En la ciudad donde vivo, Barcelona, se registraron 242 agresiones sexuales, 429 abusos sexuales y 50 acosos sexuales a lo largo de 2017, según datos de los Mossos d’Esquadra. 721 denuncias, que se traducen en 721 personas que no fueron respetadas. 721 veces en las que los cuerpos de 721 mujeres (porque fueron todas mujeres) fueron robados para el disfrute sexual de unos hombres. Pero, según recoge el Código Penal, solo 242 fueron sin consentimiento explícito. Hasta ahora, hemos repetido hasta la saciedad que “no es no” para que una relación sexual, un beso, un tocarte el culo, un piropo, un vamos a tomar algo no ocurra. ¿Solo decir no? ¿Y si no se dice no, significa que se dijo sí?
En una agresión tu confianza se diluye, no negocias, porque toda la estrategia para que suceda la ejecuta el violador, que se siente fuerte y seguro
Hasta hace bien poco, era extendida la idea de que la mujer debía llegar virgen al matrimonio, al hombre elegido. La sociedad, sumida en convicciones religiosas, hizo que la mujer limitara su sexualidad a una necesidad evolutiva, donde el deseo y placer estaban privados para ellas. El hombre, por su parte, de todo lo que abarca la sexualidad, solo se le inculcaba de pequeño que masturbarse era pecado, pero ningún juicio moral encorsetaba sus deseos (a no ser que fueran homosexuales).
Nuestra sociedad se ha cimentado en unos valores en que la libertad sexual de la mujer no era precisamente una virtud.
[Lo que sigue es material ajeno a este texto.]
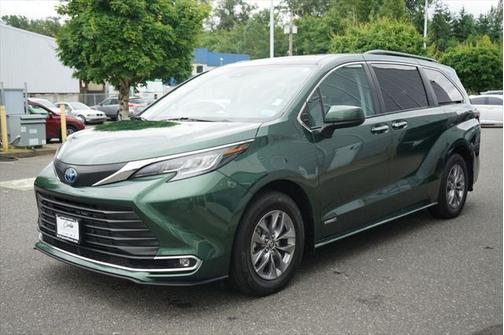 2021 Toyota Sienna XLE 8 Passenger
Aunque a partir de la mitad del siglo pasado se rompieron las barreras para que las mujeres empezaran a ser dueñas de su cuerpo, que empezaran a decir 'sí' con total convicción, siguen arraigados en lo más profundo de esta sociedad machista ciertos vicios. Por ejemplo, hemos absorbido como esponjas confundir protección con paternalismo, confundir libertad sexual con disponibilidad. La libertad sexual de la mujer flota entre unos mecanismos de defensa con los que siempre debemos estar alerta, bien sea domesticarnos, no hacer nada que provoque una agresión; bien evitar que acaben llamándonos puritanas por no dejarnos llevar. Pero entonces, ¿es eso realmente una libertad sexual?
Si seguimos en ese marco, no parece que se haya entendido su significado. La liberación sexual de la mujer no va de que nadie nos salve o de que crean que somos accesibles, sino de que no haya amenaza. Esa es la única forma de prevenir la catástrofe, de una violación y de otros ataques invisibles.
De todas las palabras vacías, de la oquedad de los debates que se originan a raíz de un juicio como el de “La Manada”, lo único que parece ajustarse a su significado, fíjense, es el nombre con el que se autodenominan esos cinco hombres en su grupo de WhatsApp. No son más que un conjunto de animales de una misma especie que andan reunidos, normalmente en estado salvaje. De todo lo demás, lo único que deben entender de lo ocurrido es que solo un sí es un sí.